そこに口を挟んだのが、ディレンジャー家当主白髪で、長い白髭を蓄えている父ジョナサンだ。
「良い加減にしろ。サザール。あのように妹から新しい髪型褒められて、何をどう生意気だと言うのだ。お前の最近の行動は、流石に目に余るぞ」
あら。珍しい……今までサザールがロゼッタを虐めていたことに無関心でこんな感じで口出しすることなんて、これまでになかったのに。
もしかしたら、父親は怯えていた私が、横暴なサザールに何か言い返すのを待っていたのかもしれない。
だから、今の返しが父には合格点だったというところかしら。
あんなに圧を掛けられて、普通の子が逆らえるはずもないんだから、さっさと庇いなさいよ。
「……父上。お聞き苦しいことを、申し訳ありません」
サザールは形ばかり謝罪し私を睨めば、イライラとした態度で飲み物の入ったコップを音をさせて乱暴に置いた。
何も悪くない妹がいつも彼に怯えているからと、これはとんでもなくみっともなくないかしら。
……まあ、良いわ。私は私で、そんなサザールへと追い打ちを掛けよう。
「お父様。私は本当に……そう思ったのですわ。
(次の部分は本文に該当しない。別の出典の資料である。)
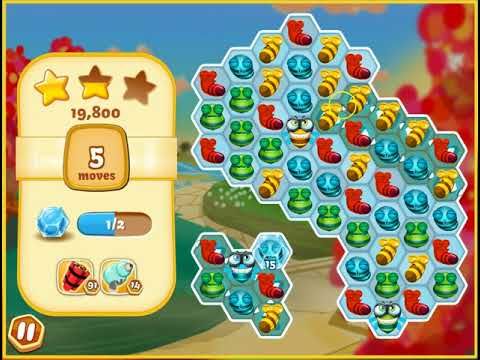 Video guide by Catty McCatface: Bee Brilliant Level 1100 #beebrilliant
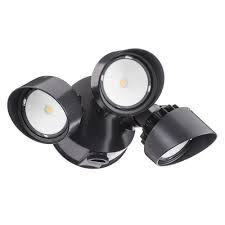 Lithonia Lighting Olf Led 3 Light Outdoor Spotlight Walmart Com Walmart Com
お兄様の新しい髪型は、素敵だったので」
私が父に向けて、うるうるとした目で訴えると、母ステラもなぜか加勢してくれた。
「サザール。本当にロゼッタが言った通りに似合っています……これまで鬱陶しいくらいにだらだらと長い髪でしたけど、貴方も最高学年の三回生になるから、切ったのね。良く似合うわ。そうね。ロゼッタも男性の褒め方が上手くなったこと……エルネスト様も、きっとお喜びでしょう」
いいえ。お母さま。ロゼッタはエルネストには迫りすぎて、とても嫌われていますので、少々褒めたところで喜ばれることはないかと思います。
……なんて、ここで言っても何の良いこともないわよね。
私は何食わぬ顔でにっこりと微笑み、両手を組んで隣に座る母を見た。
「お母様も、そう思いますわよね。私も兄上は、髪は短い方が似合うと、ずっと思っていたのですわ!」
「失礼……急用があるので、先に部屋に戻ります」
兄サザールは食事途中にも関わらず白々しい言い訳をしつつ立ち上がり、指を組んだままの私をじろりと睨んだ。
別にそんなの、怖くないよーだ。
嫌味な上司と三次会まで付き合った地獄の数時間を思い出せば、世間の荒波も知らない学生のひと睨みなんて、そよ風浴びました程度だけど?
「おい……礼儀がなってないぞ。サザール」
お父様にも怒られて……これでは、何も言い返せないわよね。
私は黙って立ち去るサザールの後ろ姿を見つつ、これからもロゼッタとして生きて行くのなら、この良くない家族の問題もどうにかしなければと大きく溜め息をつきつつ思った。